**Assignment**
Output must consist only of the lines of the material below from the one with "Шланг подачі наддувального" through the one with "Borsa Burano firmata", each reproduced exactly; no pictures belong in it.

•••

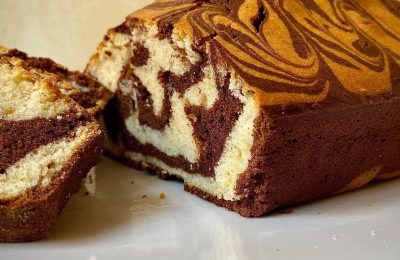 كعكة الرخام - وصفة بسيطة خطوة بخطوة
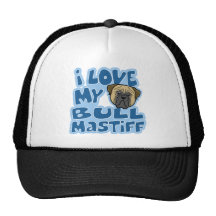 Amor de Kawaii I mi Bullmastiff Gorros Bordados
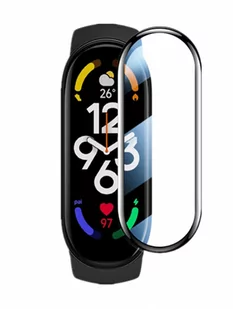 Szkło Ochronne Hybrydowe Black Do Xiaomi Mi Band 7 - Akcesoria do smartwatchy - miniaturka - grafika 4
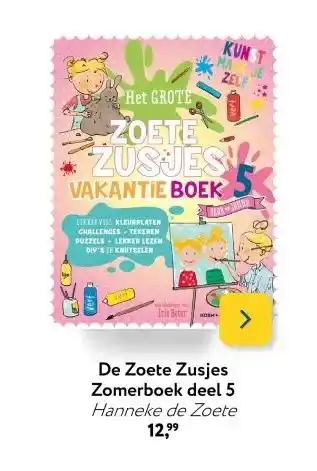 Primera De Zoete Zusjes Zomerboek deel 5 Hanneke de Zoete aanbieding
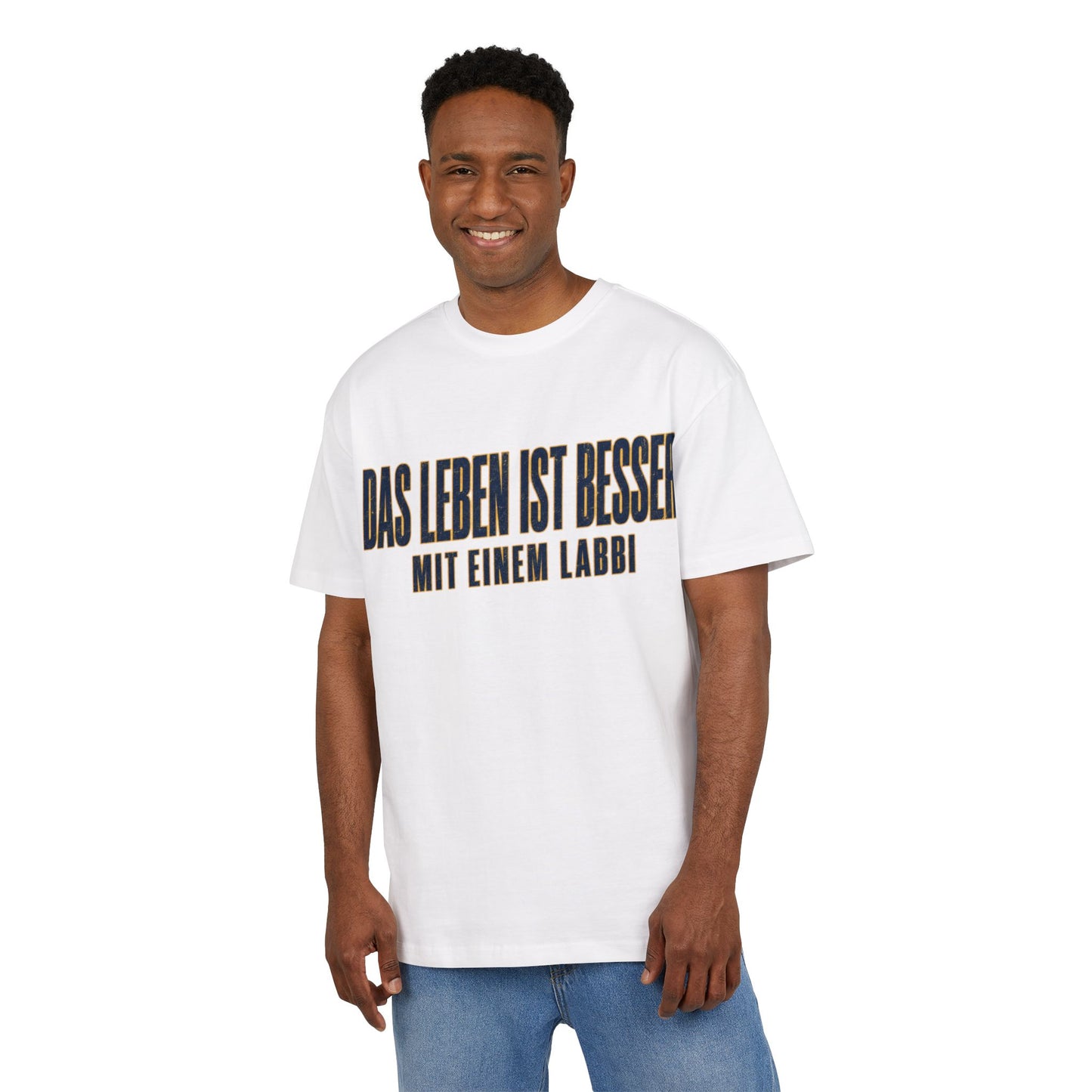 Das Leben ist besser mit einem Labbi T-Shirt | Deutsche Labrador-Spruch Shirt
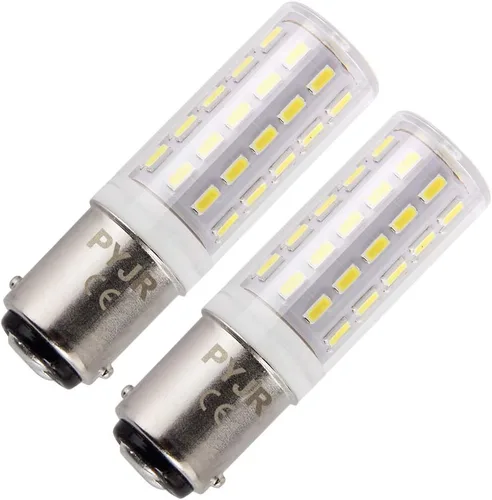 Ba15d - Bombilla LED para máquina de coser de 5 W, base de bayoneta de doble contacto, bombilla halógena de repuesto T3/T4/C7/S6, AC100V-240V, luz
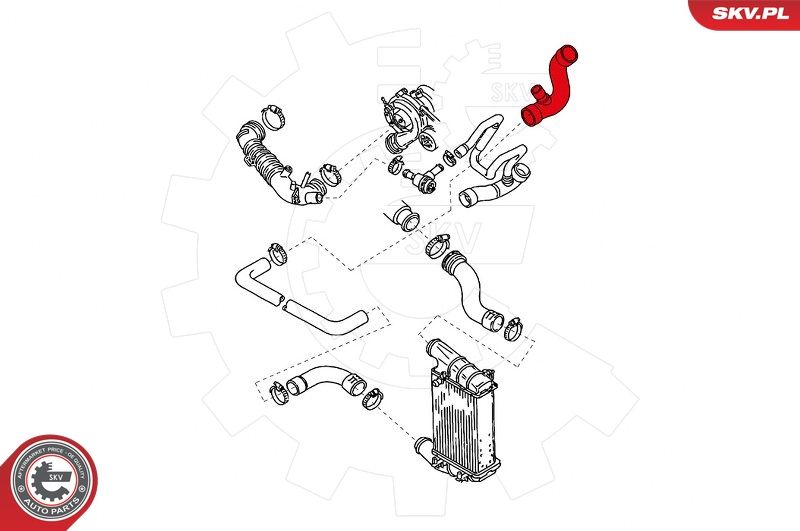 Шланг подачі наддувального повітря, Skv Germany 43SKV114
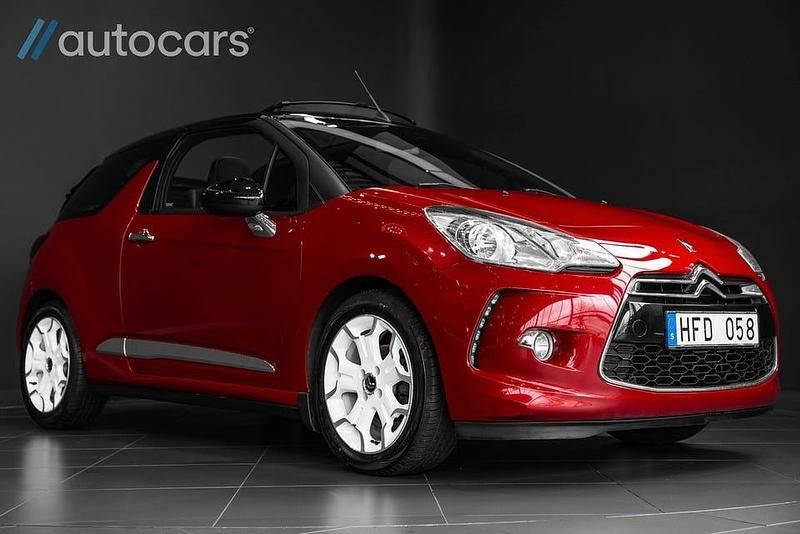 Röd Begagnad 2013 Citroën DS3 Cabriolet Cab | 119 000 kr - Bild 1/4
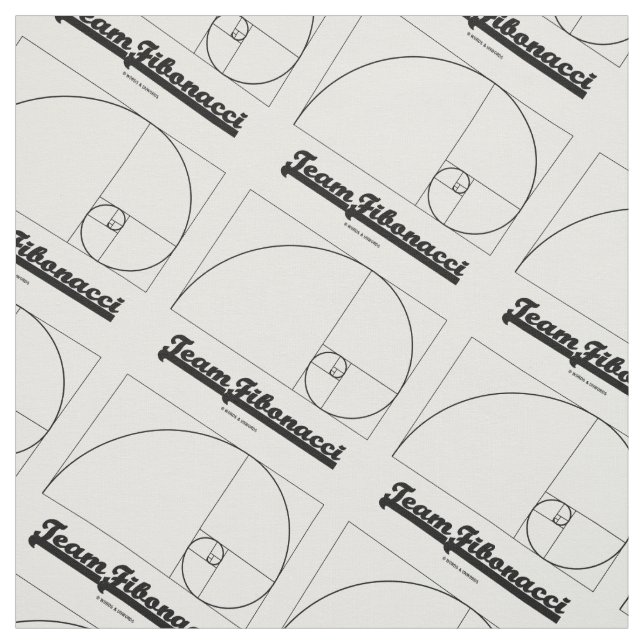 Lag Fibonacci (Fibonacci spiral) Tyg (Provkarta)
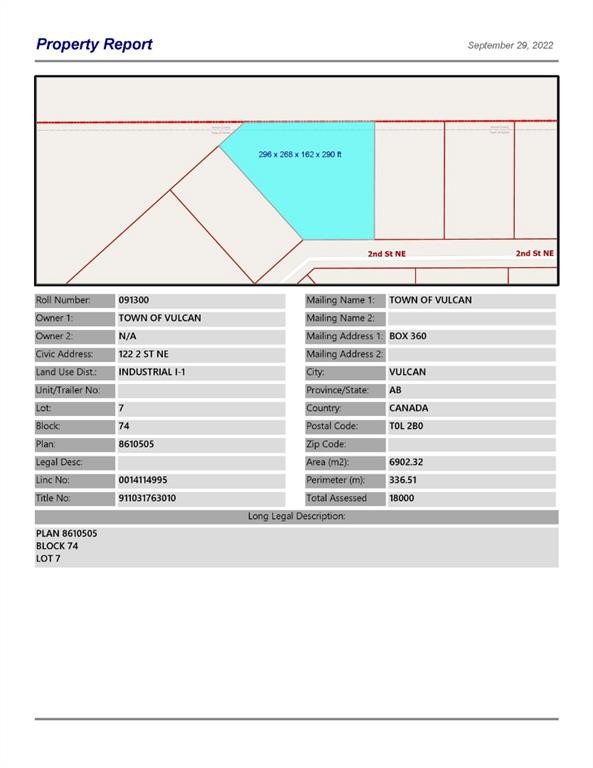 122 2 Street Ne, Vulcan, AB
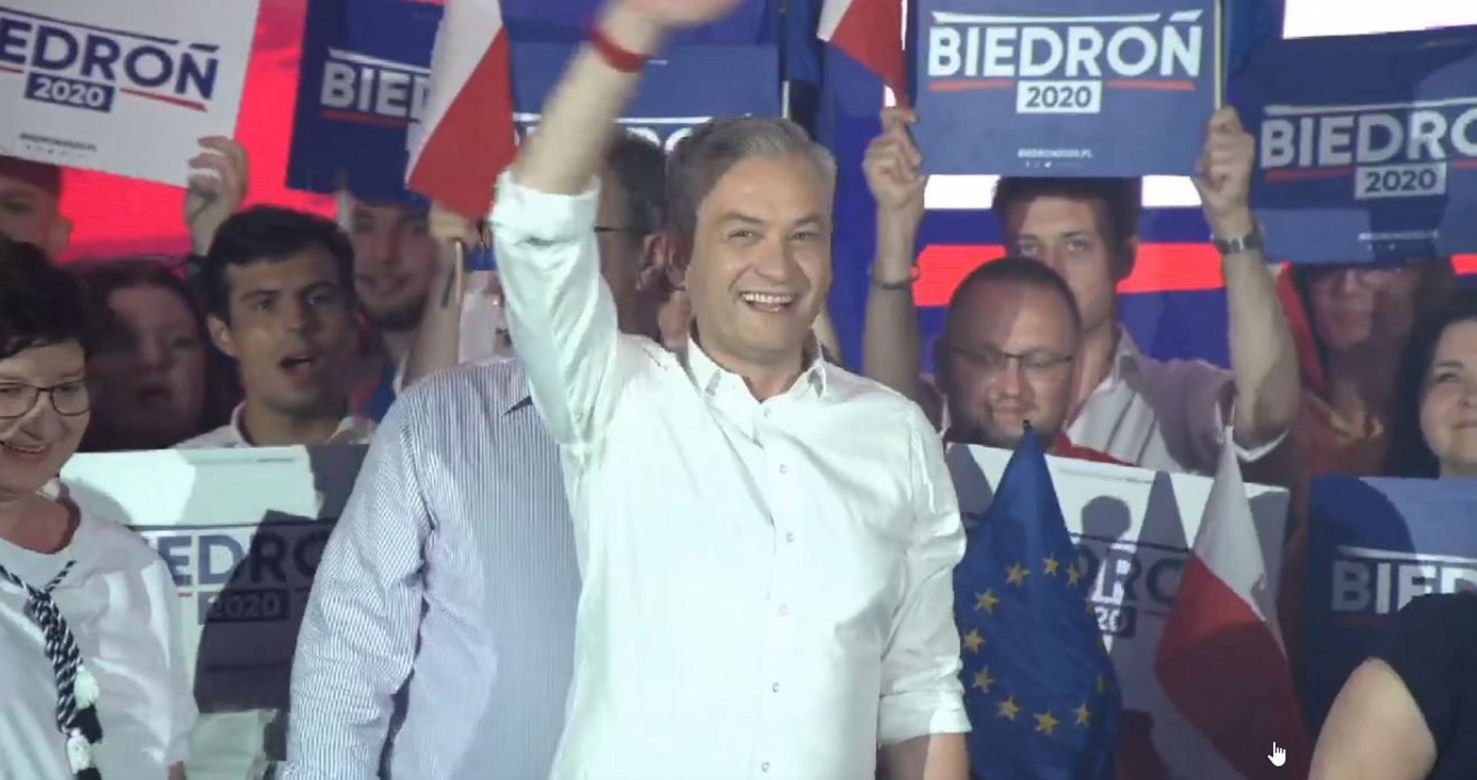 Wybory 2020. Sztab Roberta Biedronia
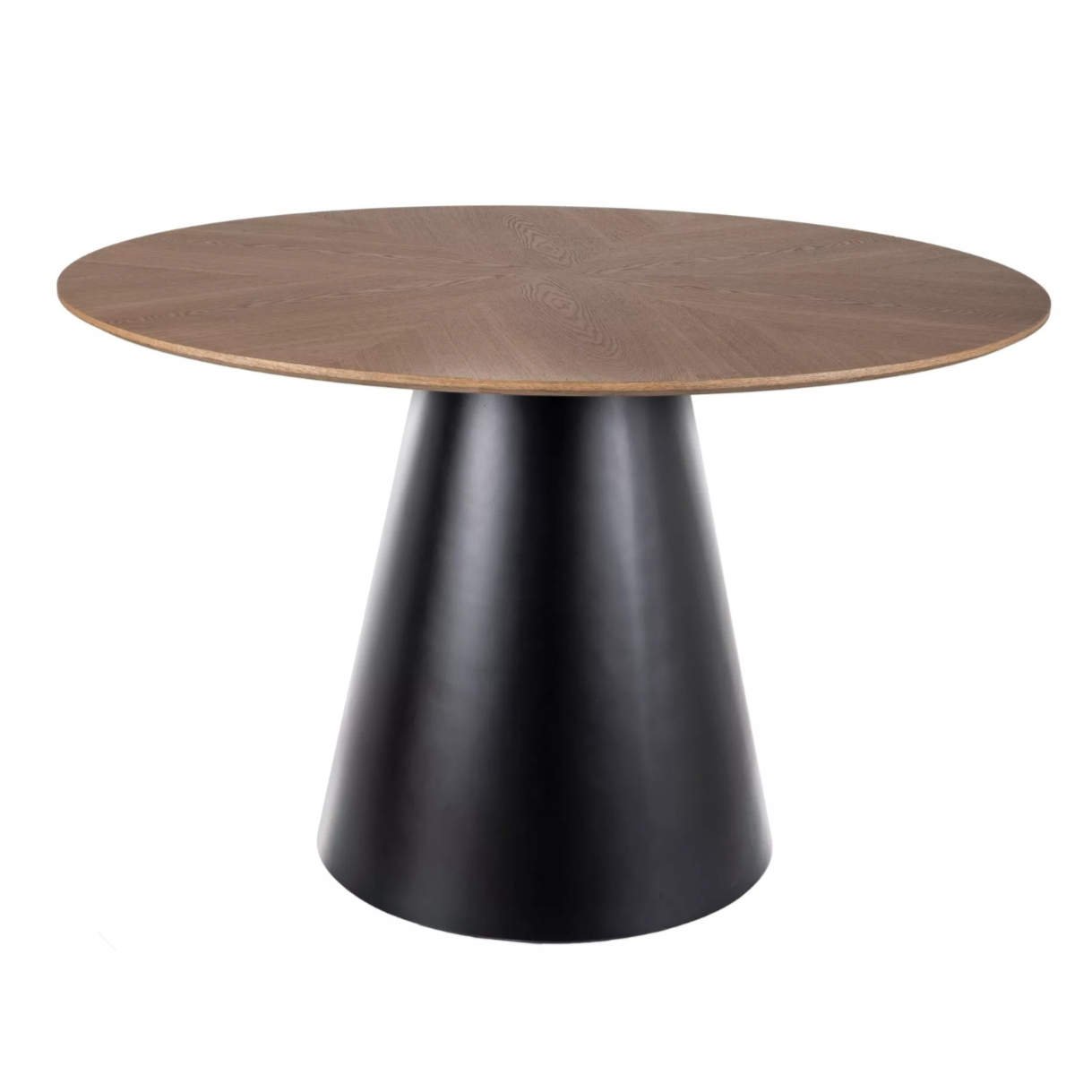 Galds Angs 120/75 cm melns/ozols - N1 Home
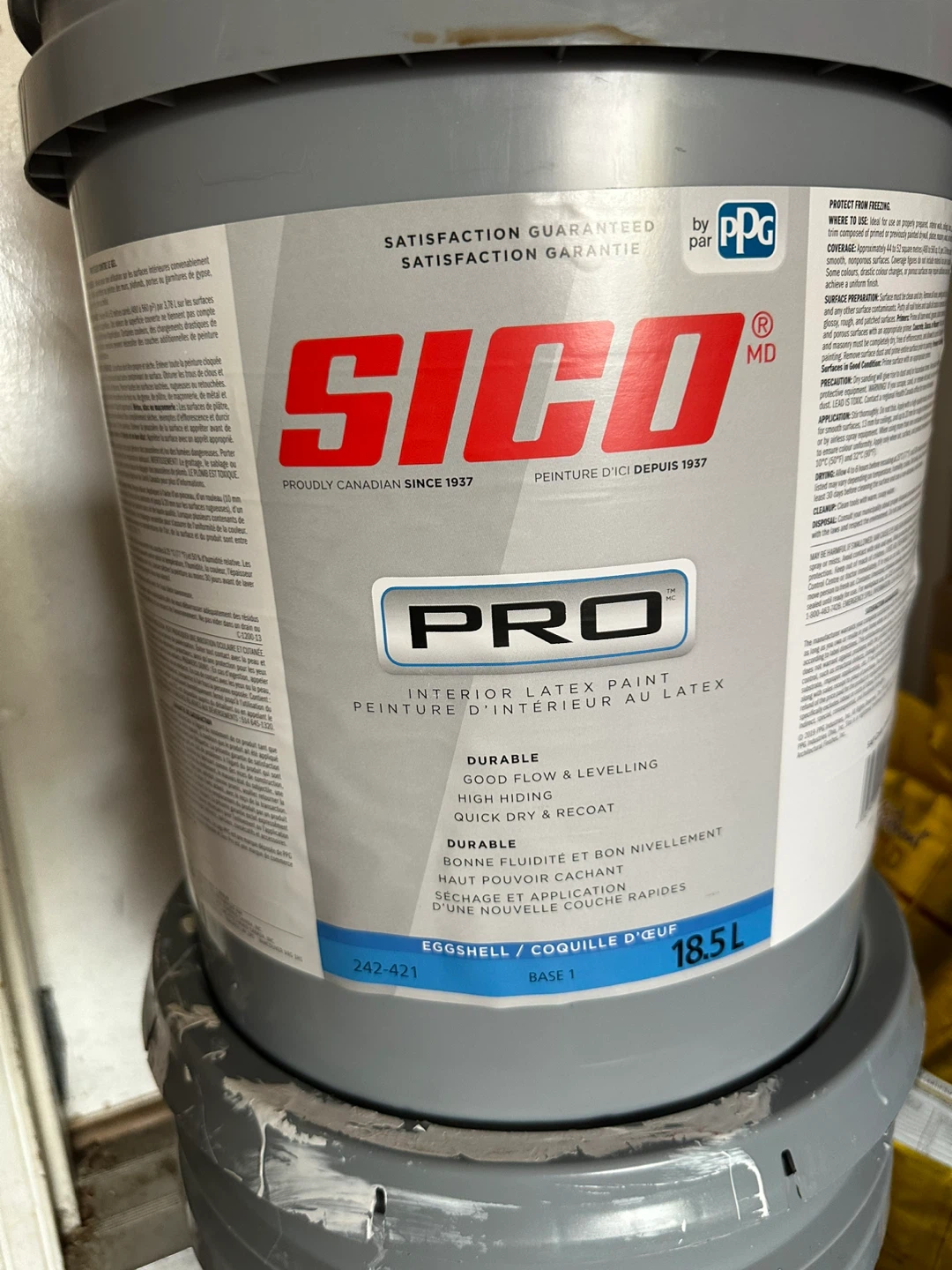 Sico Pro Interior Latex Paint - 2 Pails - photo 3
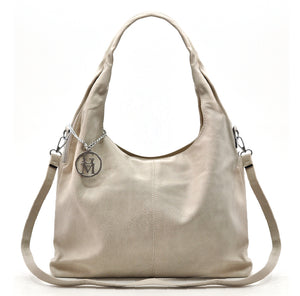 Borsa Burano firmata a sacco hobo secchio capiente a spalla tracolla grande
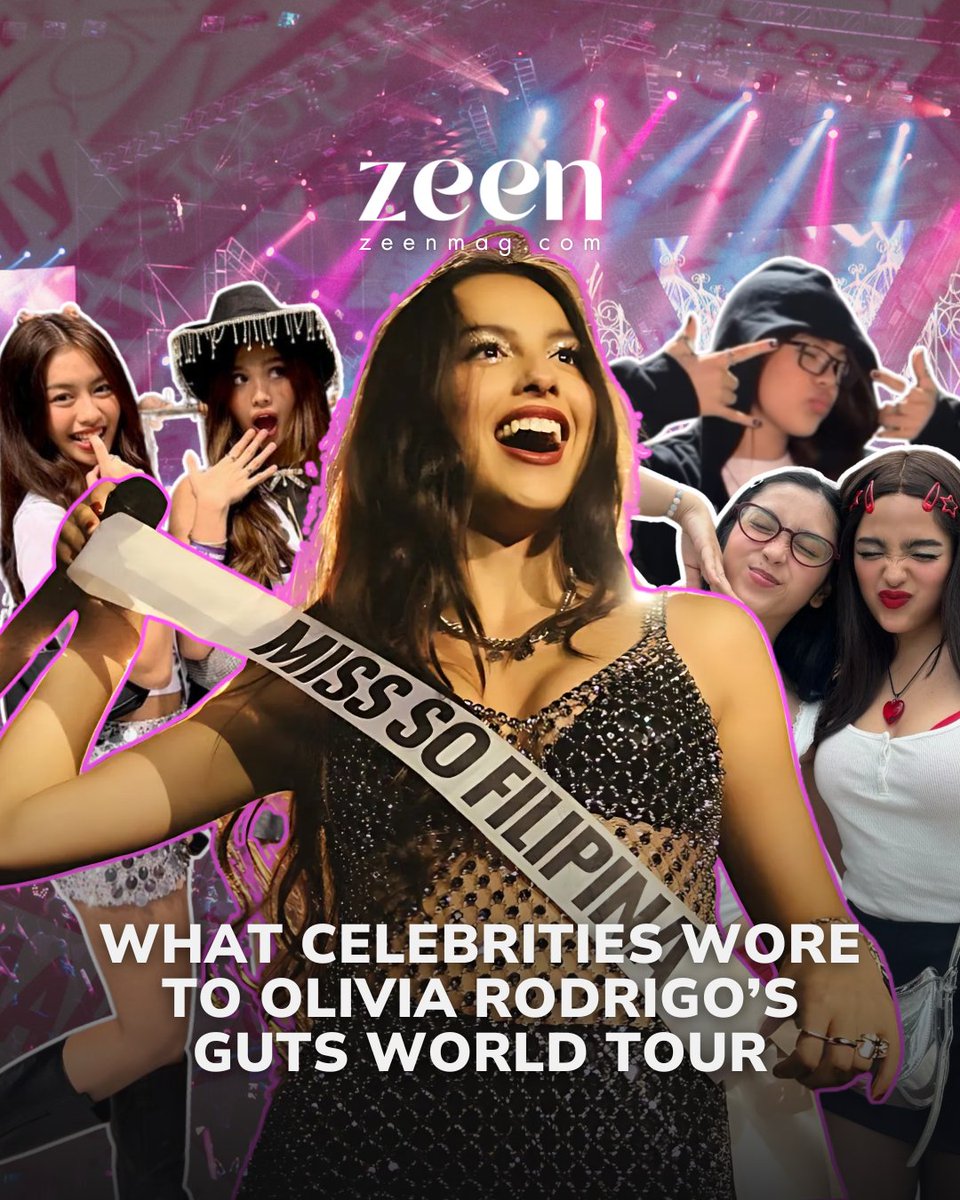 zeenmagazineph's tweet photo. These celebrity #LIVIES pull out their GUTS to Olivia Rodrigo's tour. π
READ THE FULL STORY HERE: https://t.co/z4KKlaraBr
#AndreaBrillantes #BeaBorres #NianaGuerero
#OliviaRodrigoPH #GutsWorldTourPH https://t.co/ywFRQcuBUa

•••

**Output**
 Шланг подачі наддувального повітря, Skv Germany 43SKV114
 Röd Begagnad 2013 Citroën DS3 Cabriolet Cab | 119 000 kr - Bild 1/4
 Lag Fibonacci (Fibonacci spiral) Tyg (Provkarta)
 122 2 Street Ne, Vulcan, AB
 Wybory 2020. Sztab Roberta Biedronia
 Galds Angs 120/75 cm melns/ozols - N1 Home
 Sico Pro Interior Latex Paint - 2 Pails - photo 3
 Borsa Burano firmata a sacco hobo secchio capiente a spalla tracolla grande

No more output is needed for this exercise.